§ STORED DATA
==================================================

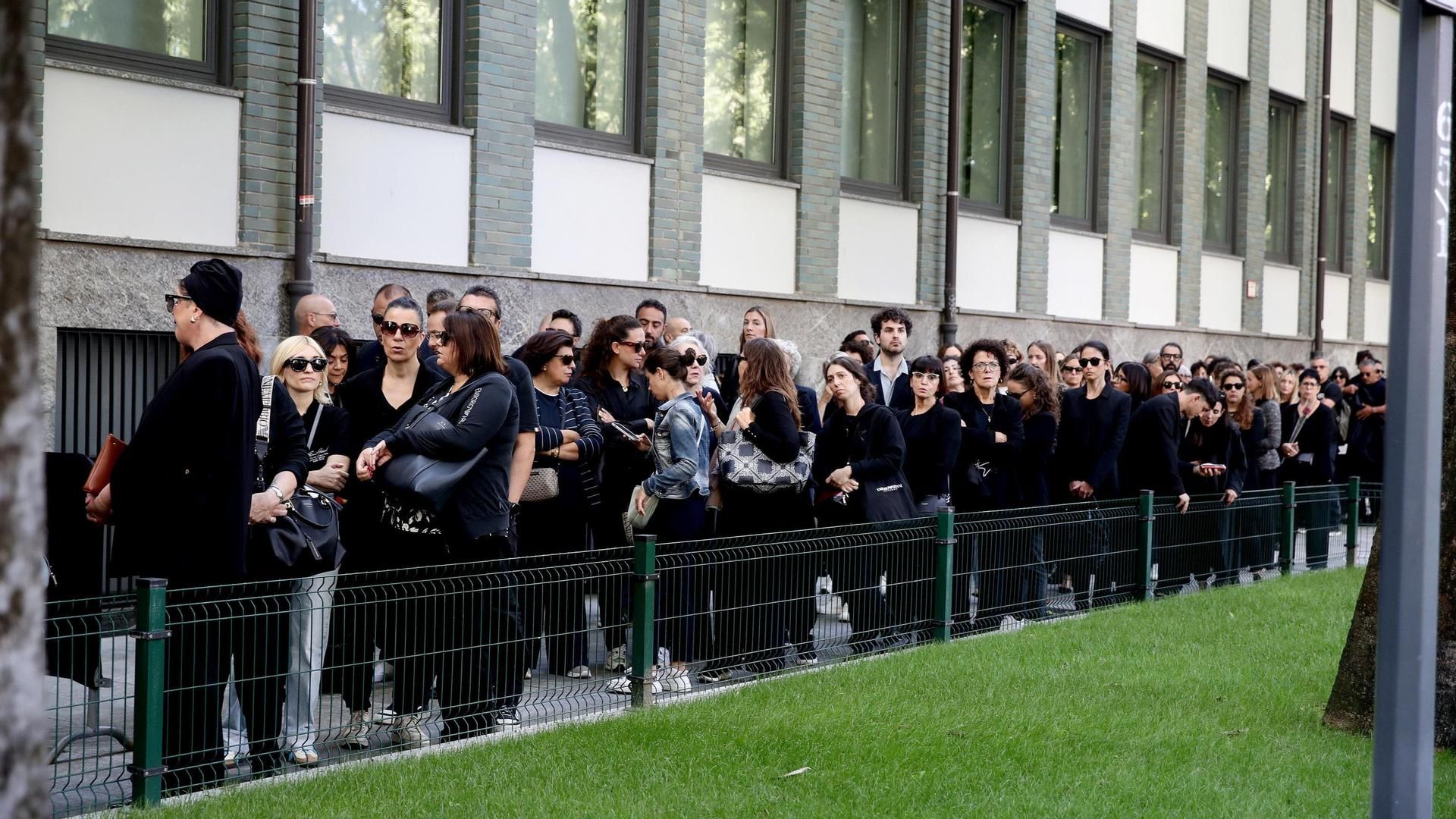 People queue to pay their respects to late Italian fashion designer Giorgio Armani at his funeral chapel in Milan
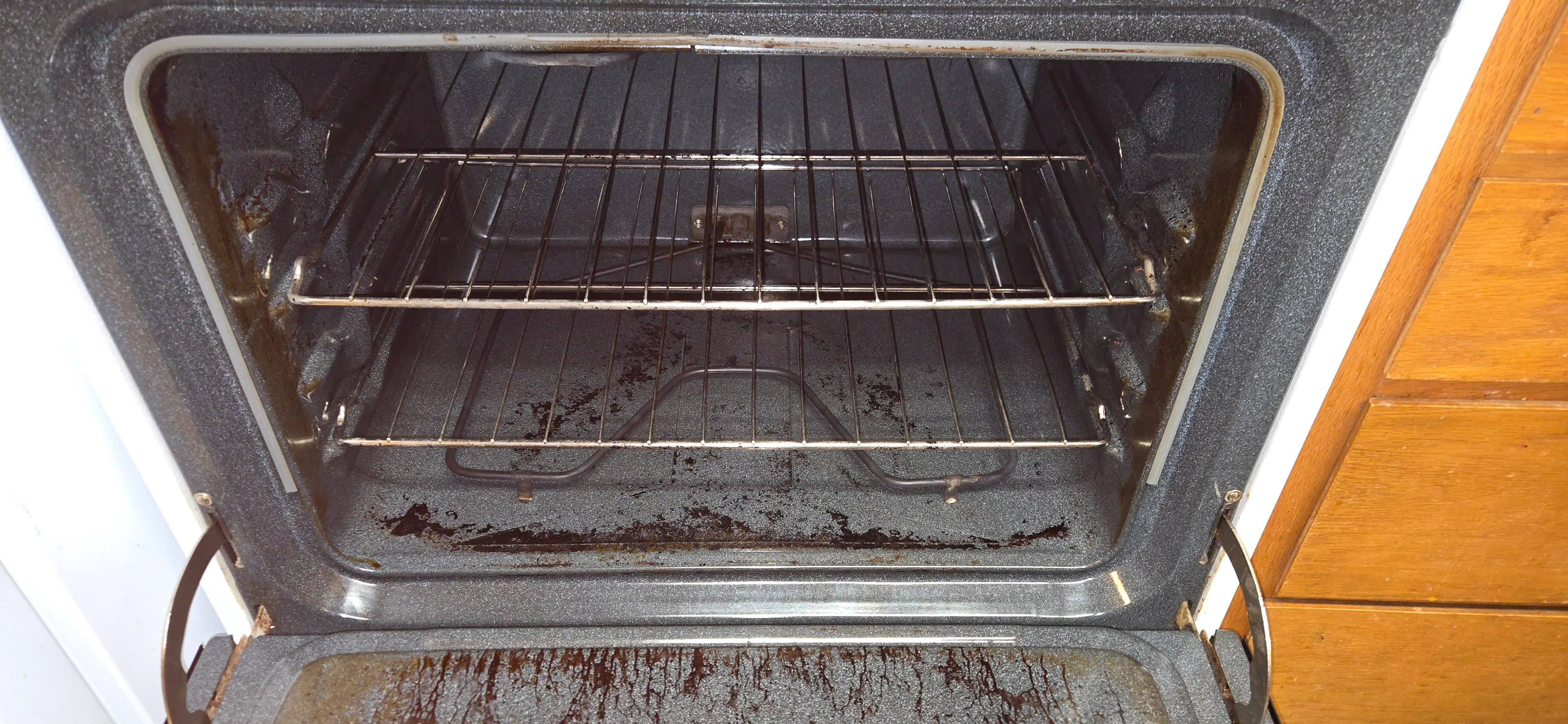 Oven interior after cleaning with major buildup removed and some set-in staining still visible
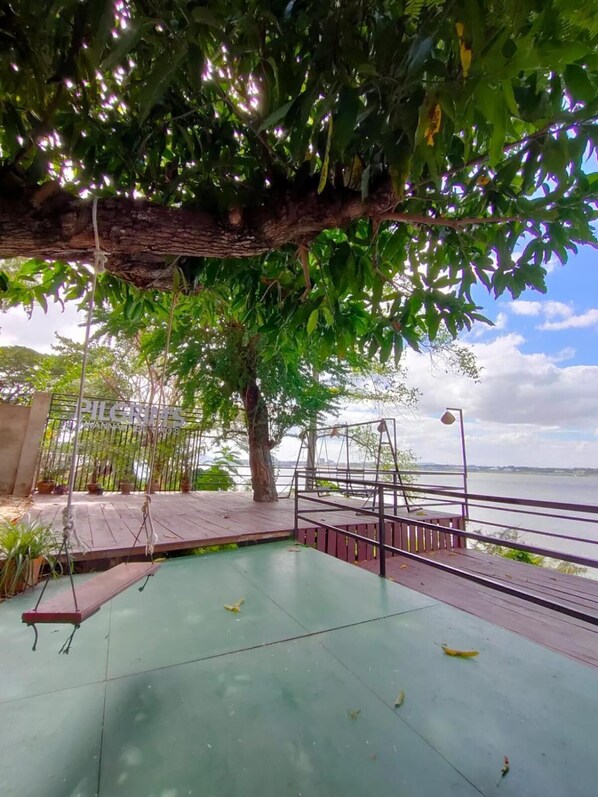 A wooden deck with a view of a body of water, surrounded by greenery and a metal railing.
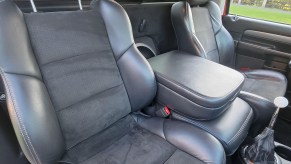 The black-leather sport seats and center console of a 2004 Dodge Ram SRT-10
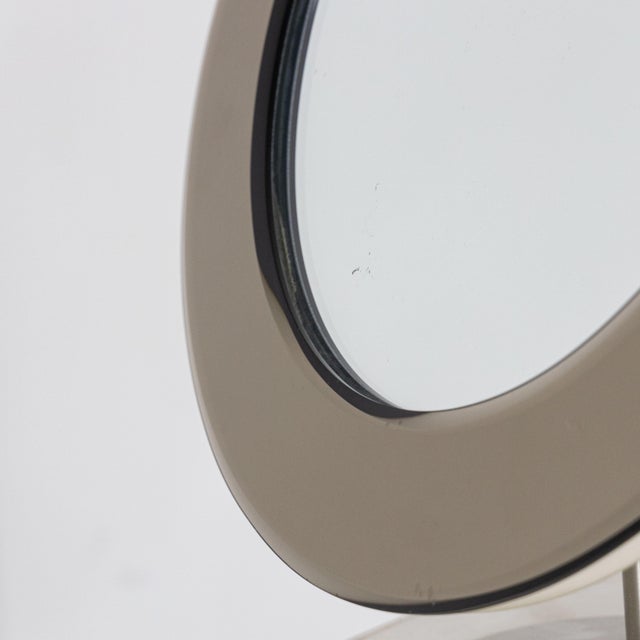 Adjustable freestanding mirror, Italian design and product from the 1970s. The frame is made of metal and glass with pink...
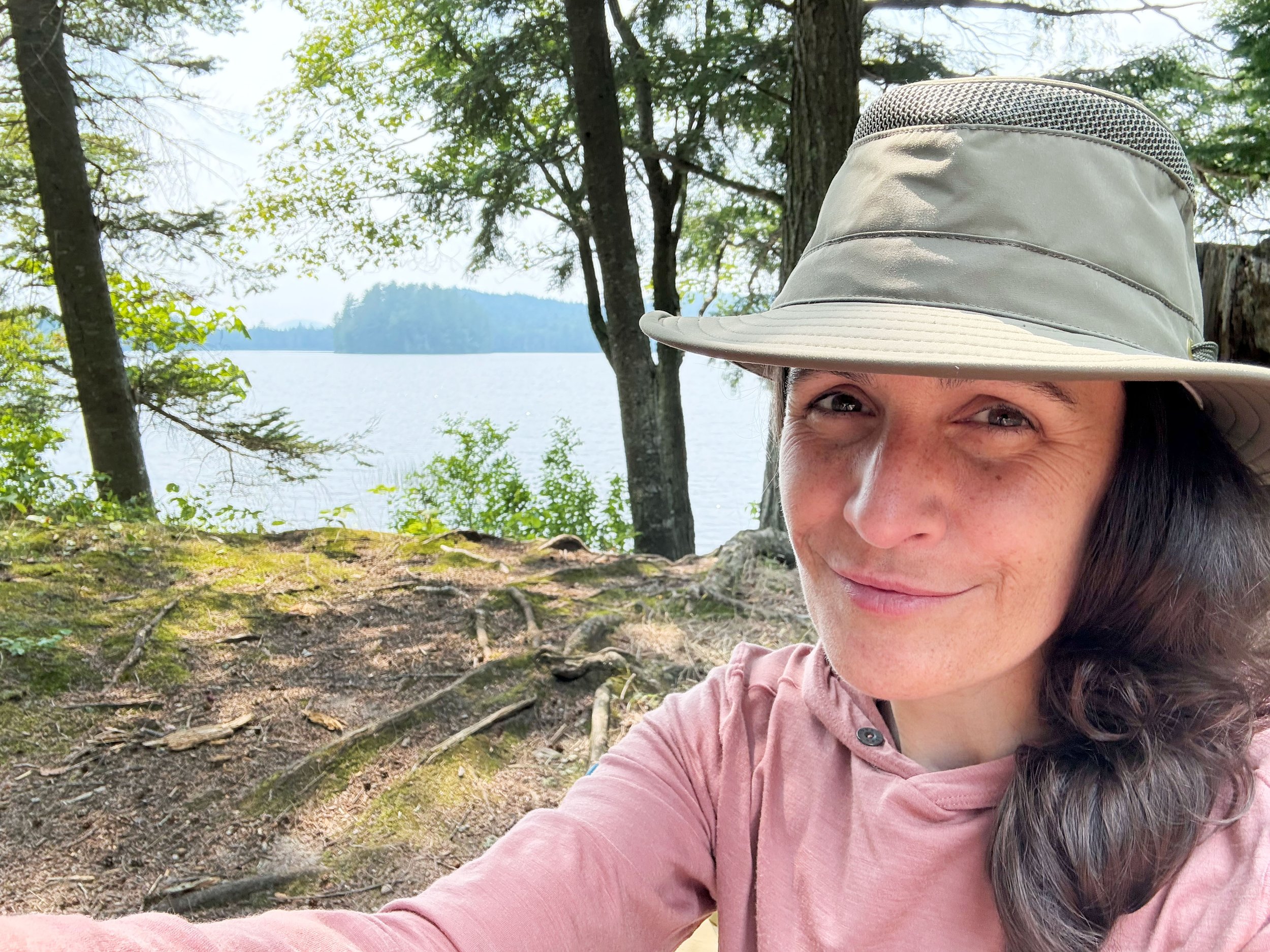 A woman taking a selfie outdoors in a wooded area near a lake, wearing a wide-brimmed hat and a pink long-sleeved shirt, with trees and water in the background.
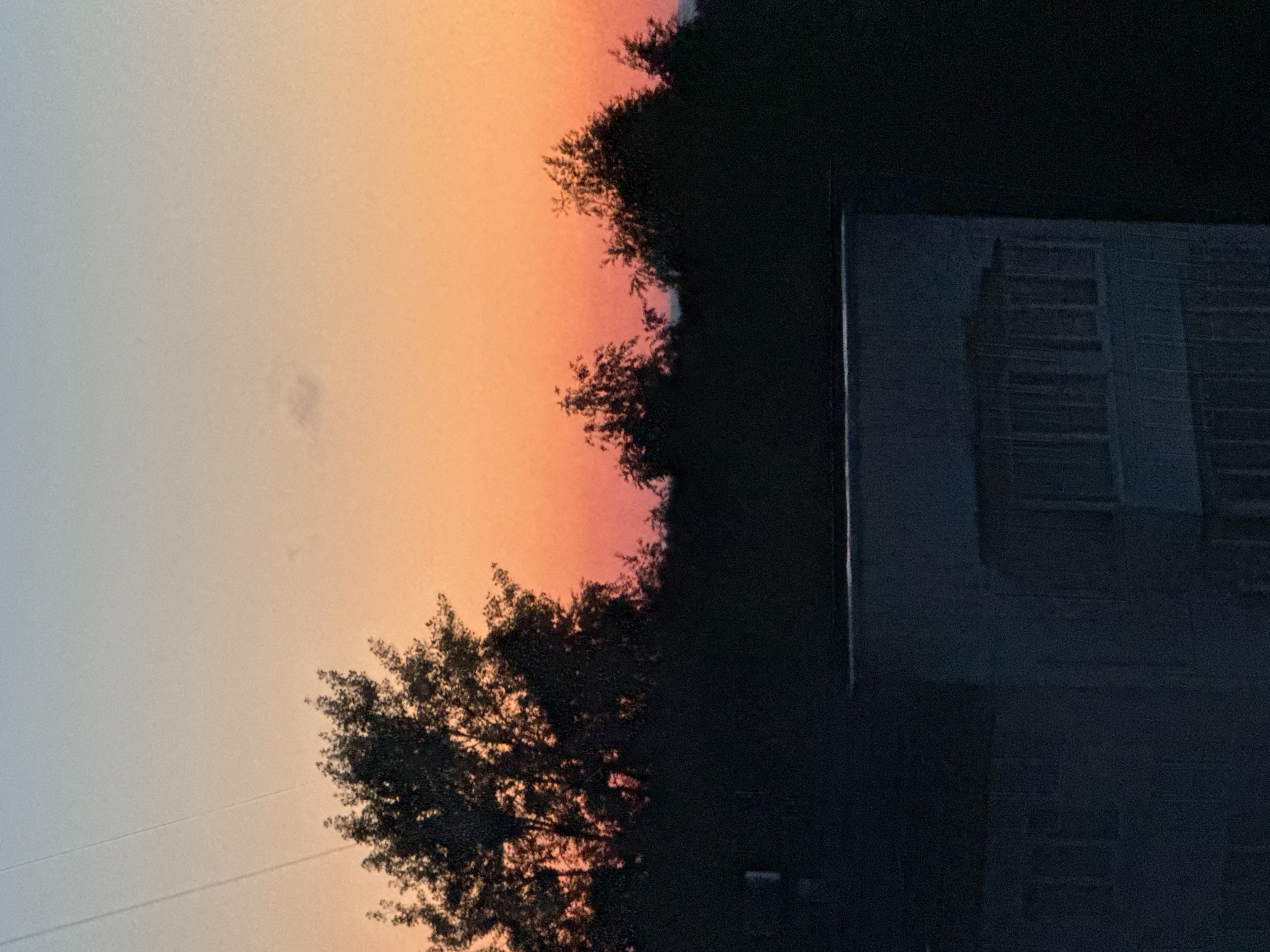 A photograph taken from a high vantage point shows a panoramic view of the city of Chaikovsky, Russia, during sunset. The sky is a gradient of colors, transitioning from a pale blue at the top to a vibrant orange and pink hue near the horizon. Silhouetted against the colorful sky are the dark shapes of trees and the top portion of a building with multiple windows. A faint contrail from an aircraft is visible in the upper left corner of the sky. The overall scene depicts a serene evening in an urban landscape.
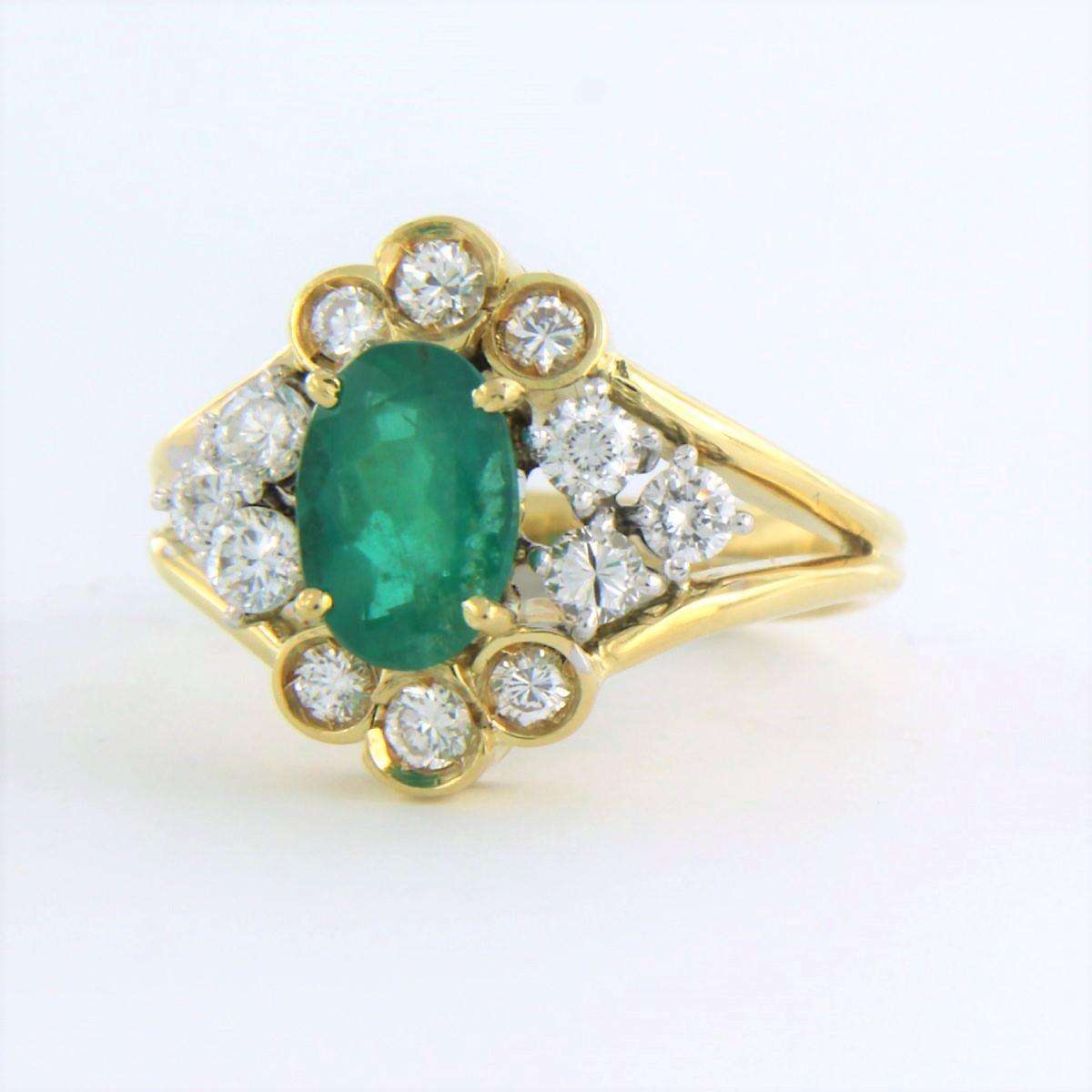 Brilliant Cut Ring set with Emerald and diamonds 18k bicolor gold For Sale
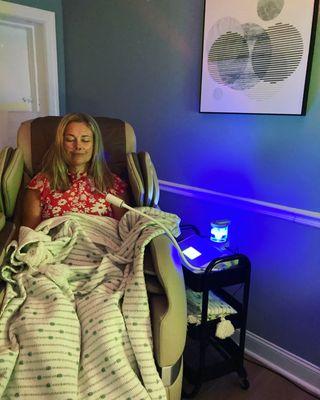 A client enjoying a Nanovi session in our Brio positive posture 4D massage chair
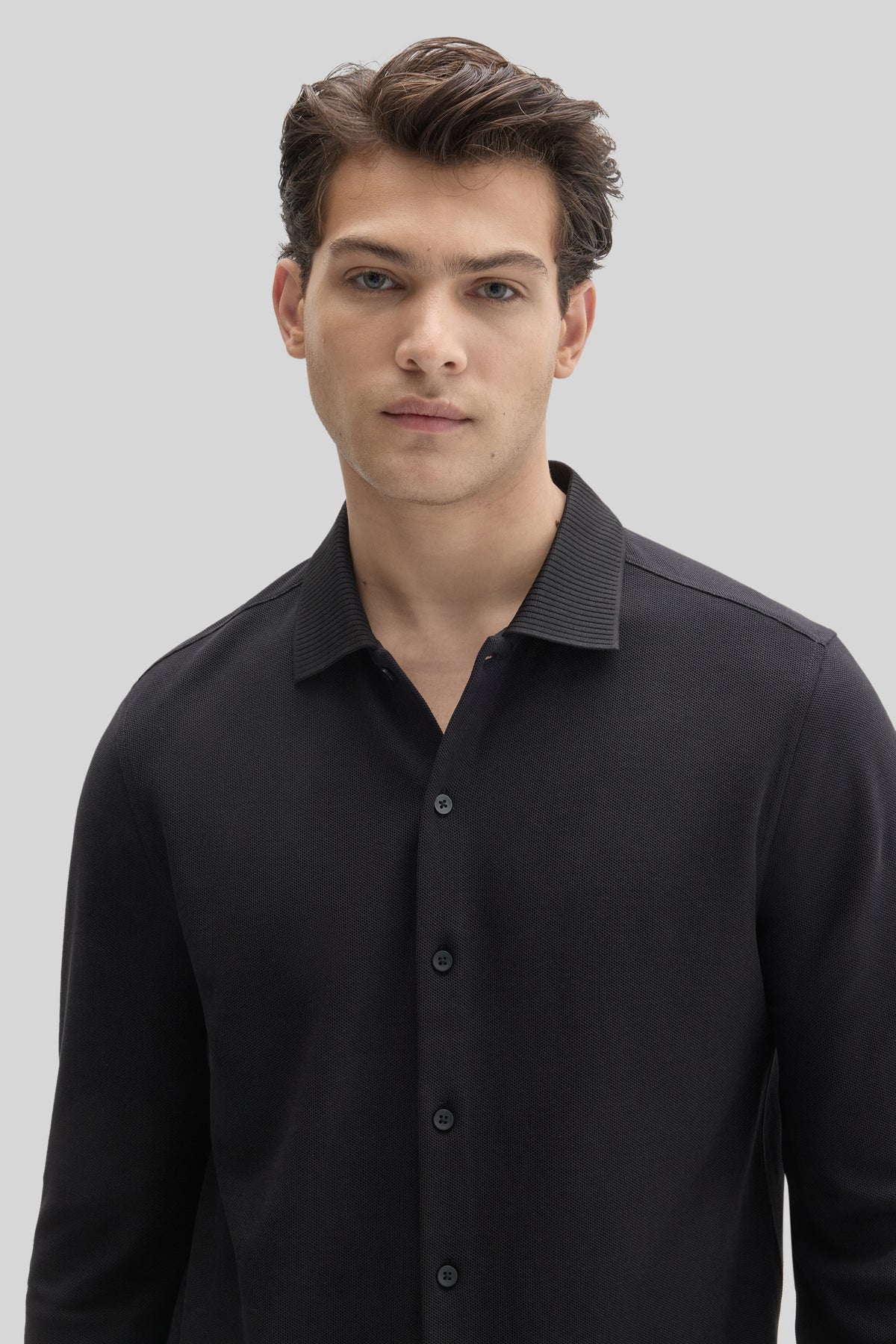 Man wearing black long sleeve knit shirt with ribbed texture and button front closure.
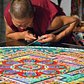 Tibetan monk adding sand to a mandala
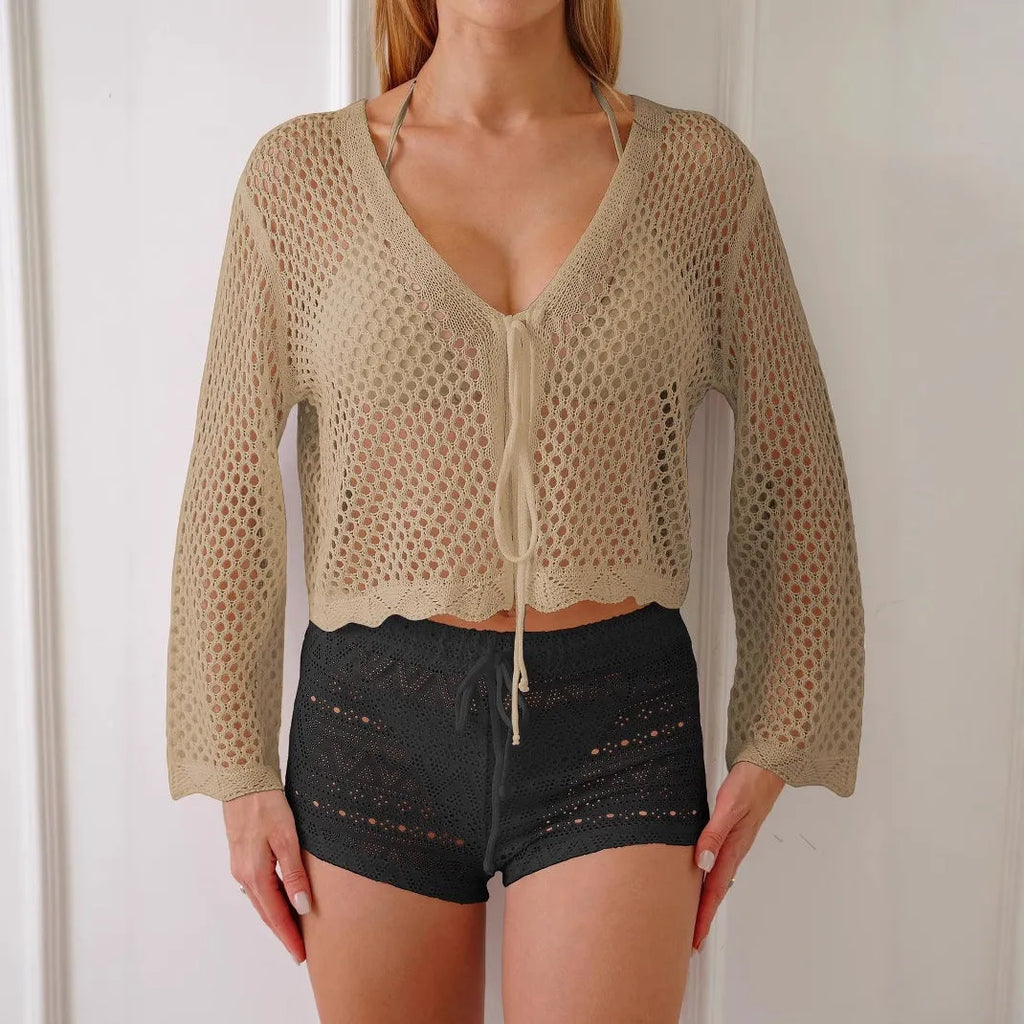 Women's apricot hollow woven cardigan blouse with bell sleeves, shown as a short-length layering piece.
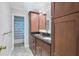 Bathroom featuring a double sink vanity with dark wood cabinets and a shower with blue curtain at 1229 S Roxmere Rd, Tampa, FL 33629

==================================================

§ TASK OBJECTIVE
Transcribe all of the records exactly, without reproducing their pictures.

§ EXERCISE RESPONSE
 People queue to pay their respects to late Italian fashion designer Giorgio Armani at his funeral chapel in Milan
 Oven interior after cleaning with major buildup removed and some set-in staining still visible
 A wooden deck with a view of a body of water, surrounded by greenery and a metal railing.
 The black-leather sport seats and center console of a 2004 Dodge Ram SRT-10
 Adjustable freestanding mirror, Italian design and product from the 1970s. The frame is made of metal and glass with pink...
 A woman taking a selfie outdoors in a wooded area near a lake, wearing a wide-brimmed hat and a pink long-sleeved shirt, with trees and water in the background.
 A photograph taken from a high vantage point shows a panoramic view of the city of Chaikovsky, Russia, during sunset. The sky is a gradient of colors, transitioning from a pale blue at the top to a vibrant orange and pink hue near the horizon. Silhouetted against the colorful sky are the dark shapes of trees and the top portion of a building with multiple windows. A faint contrail from an aircraft is visible in the upper left corner of the sky. The overall scene depicts a serene evening in an urban landscape.
 Brilliant Cut Ring set with Emerald and diamonds 18k bicolor gold For Sale
 A client enjoying a Nanovi session in our Brio positive posture 4D massage chair
 Man wearing black long sleeve knit shirt with ribbed texture and button front closure.
 Tibetan monk adding sand to a mandala
 Women's apricot hollow woven cardigan blouse with bell sleeves, shown as a short-length layering piece.
 Bathroom featuring a double sink vanity with dark wood cabinets and a shower with blue curtain at 1229 S Roxmere Rd, Tampa, FL 33629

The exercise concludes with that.